Six years have passed and in those six years I've come to terms with the selfishness required to make art. The foolishness. The entitlement, even. This year especially. In the aftermath of my grandfather’s death, I realized that I too am going to die one day, just like he died, and in light of that glaring truth, I have to do what I have to do.

And before I move on (in case you, dear reader, need to hear it): No one will give you permission. You are the only one who can do that. So if you want to make art, make art. No excuses. If you want to move 3.5 hours north and study ceramics 12 hours a day, figure out a way to do it. There is always a way. And don't listen to the naysayers. Take that volume dial and turn it all the way down. And then go and do the work that's calling you.

Okay, back to business:

When I was thinking of applying to this program, I asked a few people I knew who’d either been through it or been through one of the other arts programs at HSTA. The word that kept coming up was “intense”. I didn’t really know what that meant or how seriously I should take it. But that’s definitely the word that sums up this first week: INTENSE. And while it’s sometimes stressful trying to juggle everything (flipping your slabs every ten minutes so they don’t warp while finishing up your lidded box before it gets too hard while being called over to watch a demonstration of the project you need to start and finish by the next day and also knowing that somehow you also need to wax and glaze your pots because there's a firing tomorrow…) the hours fly by because you are so absorbed in the work.

This week our instructor was Michael Sheba, and quite honestly, if all the other instructors are as knowledgeable and as good at teaching as he is, it will be a dream come true. In just five days I have learned SO MUCH.

These are what my days look like:

I wake up at 6am. By 6:30 I've scored a table at this little donut shop next door (it’s the only coffee shop that’s open earlier than 9am, which is when classes start) and everyone who goes there is a regular and seems like they’ve been a regular since 1970. Everyone except me that is. I tuck myself into a corner and write every day until 8am. I do this because I need to; because while I'm here to make pottery, my writing is important to me. So I carve out time where I can.

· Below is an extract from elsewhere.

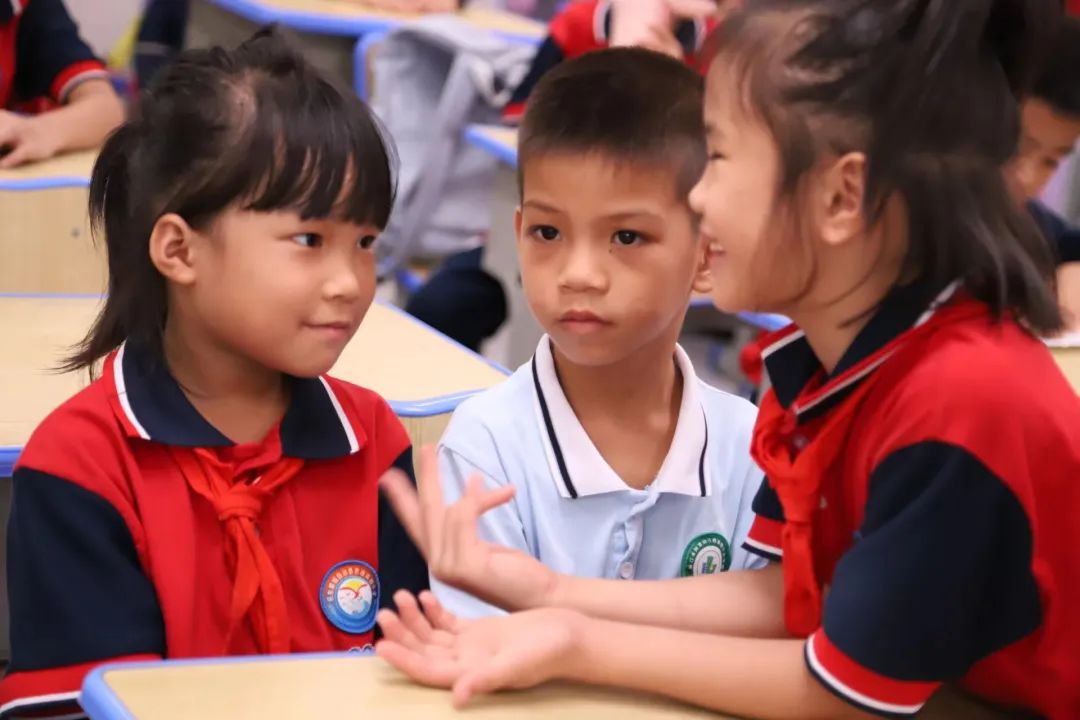 探秘小学  启程未来——乐东县第二幼儿园参观小学活动 第31张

At 8am I return home, pack my lunch, and set out for school. It takes me 30 minutes to walk to the school, which is exactly on the other side of the lake, in the middle of a forest. Honestly, my walk is one of my favourite parts of the day. It is the perfect start and end to the intensity sandwiched in between. I love my walk to and from school. Haliburton is incredibly beautiful and I soak it all in.

Head Lake, Haliburton

Classes are from 9-5 everyday. But I’m there so much longer than this and I usually work through my breaks and my lunch. From Tuesday to Thursday the studios are open until 9pm and while I first thought this was optional, this week has proven otherwise. Studio hours are necessary. Saturdays are also studio days and sometimes classes happen on Saturdays too, like this week for example (we're doing a Raku firing tomorrow).

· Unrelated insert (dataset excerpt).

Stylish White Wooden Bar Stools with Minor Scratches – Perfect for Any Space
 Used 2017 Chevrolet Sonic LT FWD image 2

The nice thing about the ceramics program is that you can’t take your work home with you. It has to get done in the studio. So home time really is down time – even though I don’t get much of it. (And the nice part about not getting much down time is that it leaves no time to feel homesick.) When I do get home, it’s almost dark and this is when I Skype with Joe. Often while eating dinner. Which is usually cereal. I love this time of the day because even though we're far apart, it feels like we're coming home to each other, checking in with each other. I try to Skype with Yonder (my dog) but he doesn’t quite understand the concept and whenever I say his name he looks towards the stairs instead of the screen.

Last of all, just before falling asleep, I read. This week I'm reading through "Tiny Beautiful Things" by Cheryl Strayed. Her letters are just short enough that it's easy to read a few before getting too tired and yet they're so rich and wise that I leave the page feeling like I've read so much. I keep going back to one of her letters in particular, especially this part:

"If there's one thing I believe more than I believe anything else, it's that you can't fake the core. The truth that lives there will eventually win out. It's a god we must obey, a force that brings us all inevitably to our knees."

And that is all I have to say for today.